#### PROBLEM TO WORK ON
Exactly as they stand, repeat the lines from the one containing "4204 243rd Place" through the final line of the listing, both ends included, and nothing else; skip the pictures.

#### TASK INPUTS

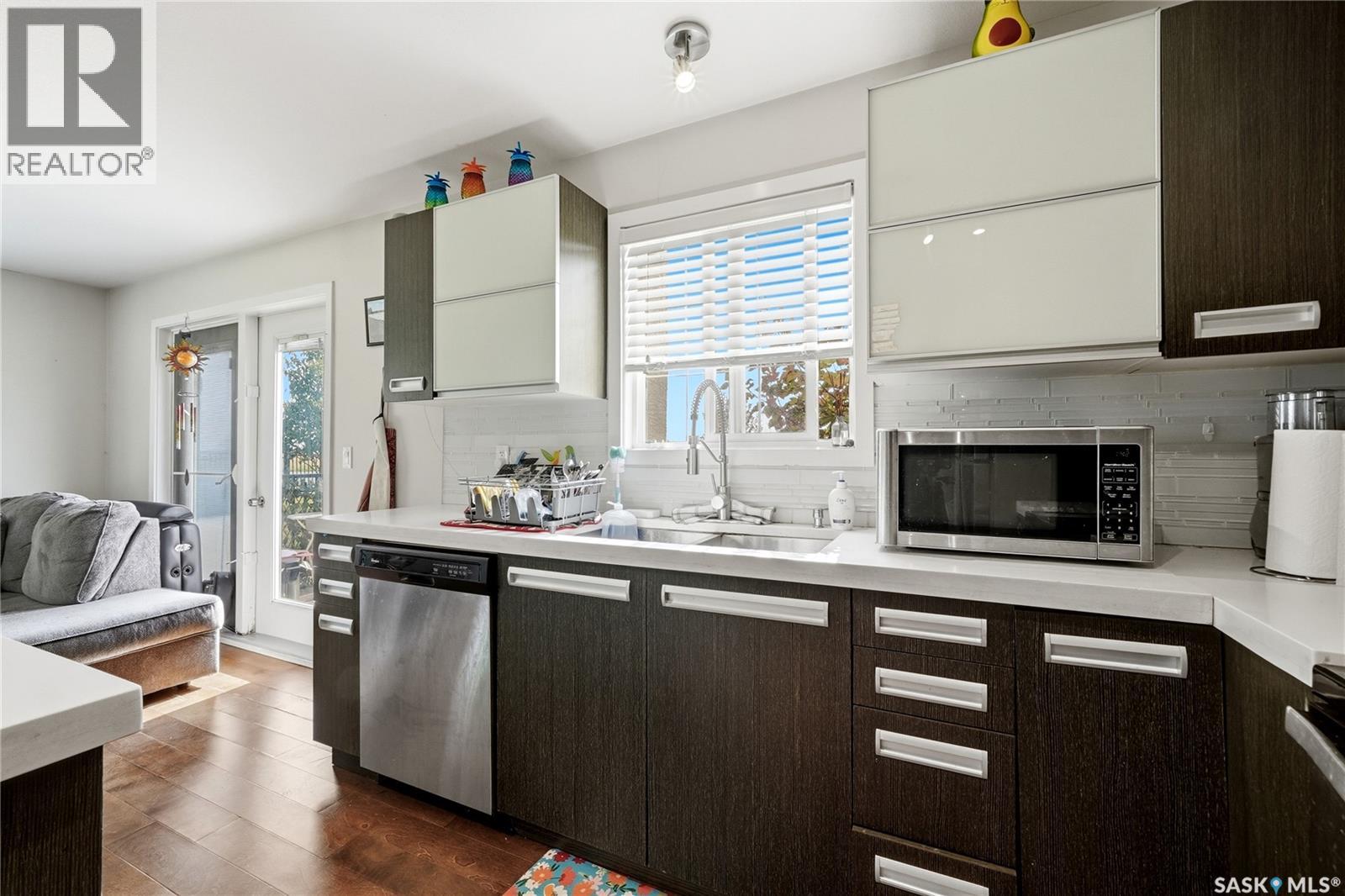#109 1545 Neville DRIVE - 10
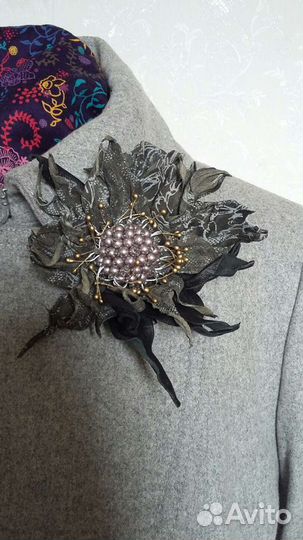 Цветок-брошь из натуральной кожи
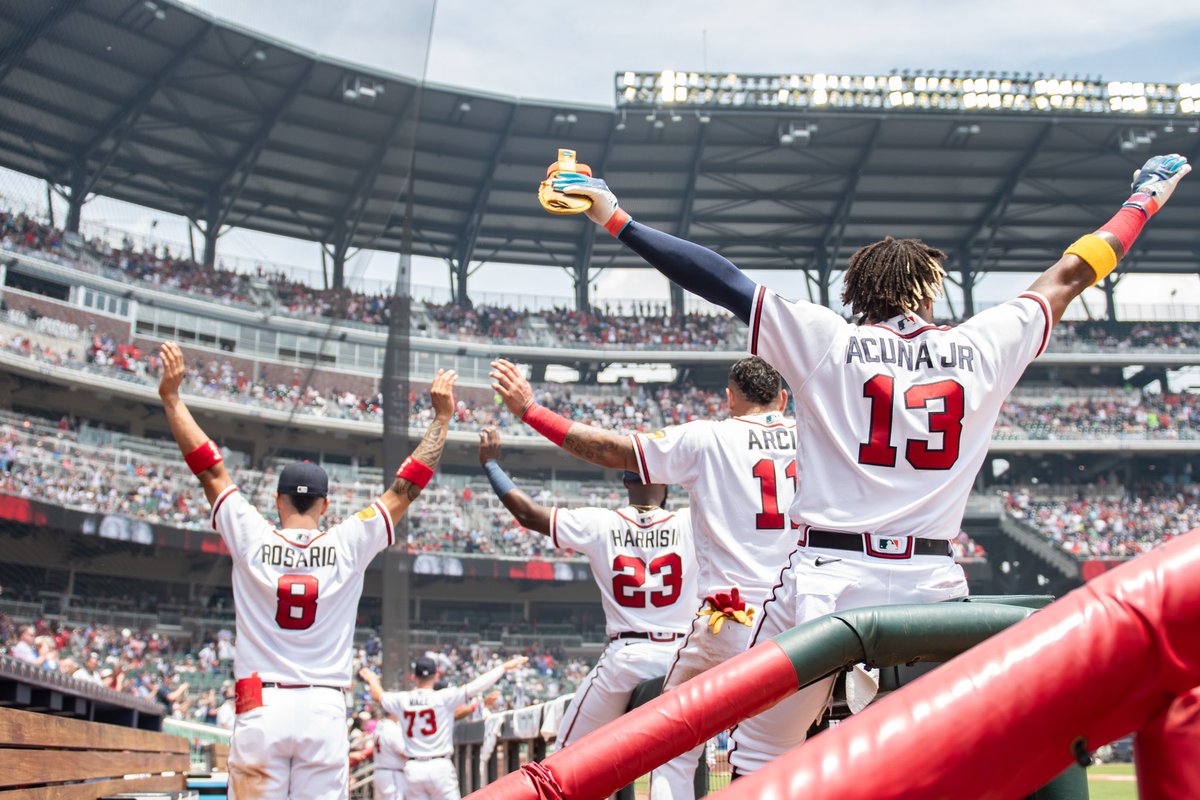 KathrynMayPhoto's tweet photo. My favorite from yesterday. This home run cele is a new fav of mine! ✈️⚾️
-
Shot for @MLB https://t.co/dw6cwXiahT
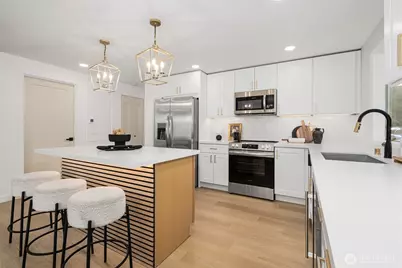 4204 243rd Place SE, Sammamish, WA 98029 - Photo 5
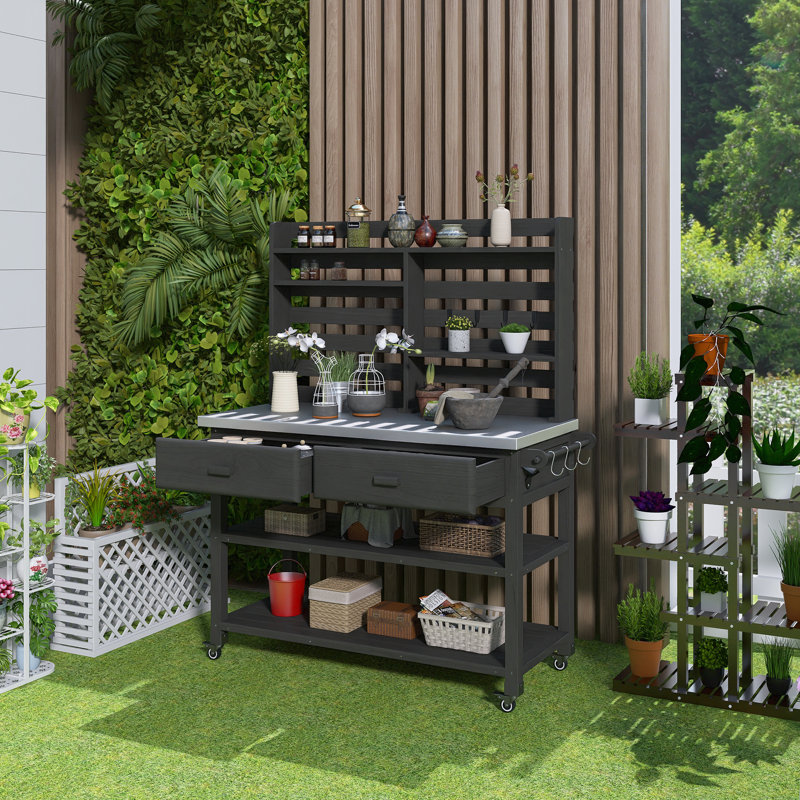 Banc de rempotage extérieur en bois massif de 65 po de hauteur, îlot de cuisine extérieur avec roulettes verrouillables, plateau en acier inoxydable, crochets amovibles, facile à installer
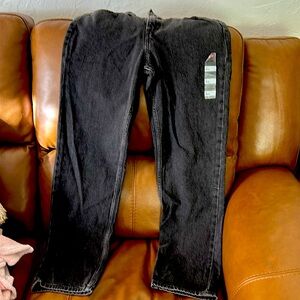 NWT Low Pro Black Levi’s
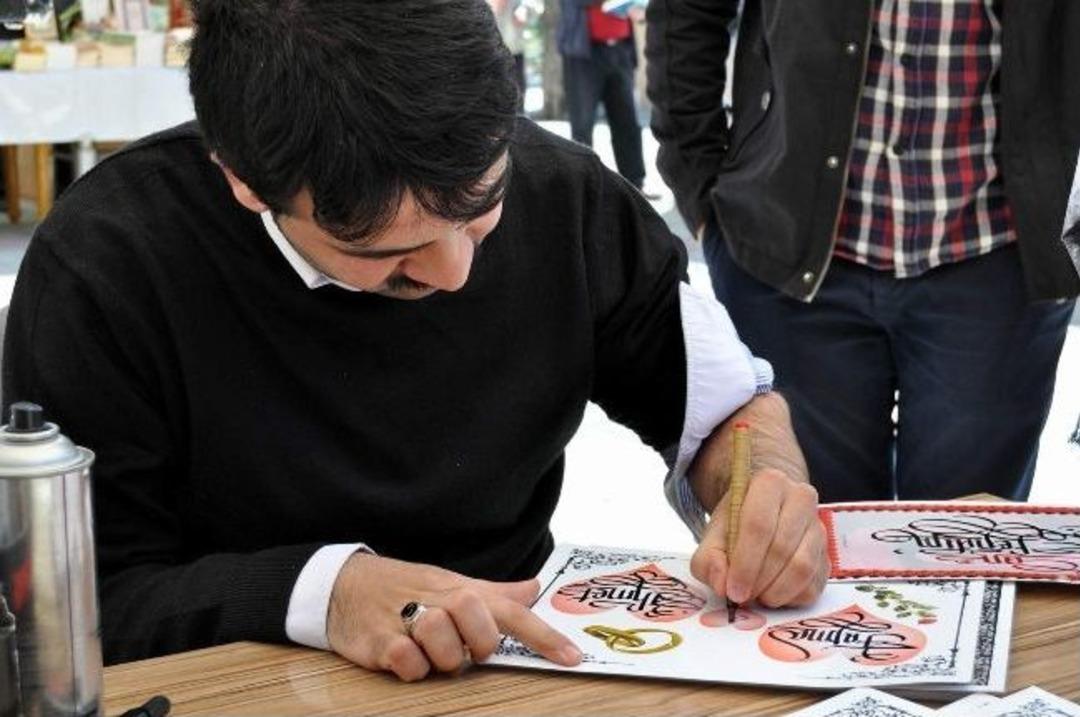 Eskişehir'de &lsquo;kutlu Doğum Kitap Fuarı&rsquo; T&ouml;renle A&ccedil;ıldı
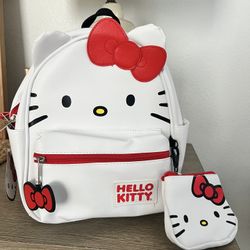 Hello Kitty Back Pack - Makes A Great Gift 🎁 1 Left!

#### RESPONSE BELOW
 4204 243rd Place SE, Sammamish, WA 98029 - Photo 5
 Banc de rempotage extérieur en bois massif de 65 po de hauteur, îlot de cuisine extérieur avec roulettes verrouillables, plateau en acier inoxydable, crochets amovibles, facile à installer
 NWT Low Pro Black Levi’s
 Eskişehir'de &lsquo;kutlu Doğum Kitap Fuarı&rsquo; T&ouml;renle A&ccedil;ıldı
 Hello Kitty Back Pack - Makes A Great Gift 🎁 1 Left!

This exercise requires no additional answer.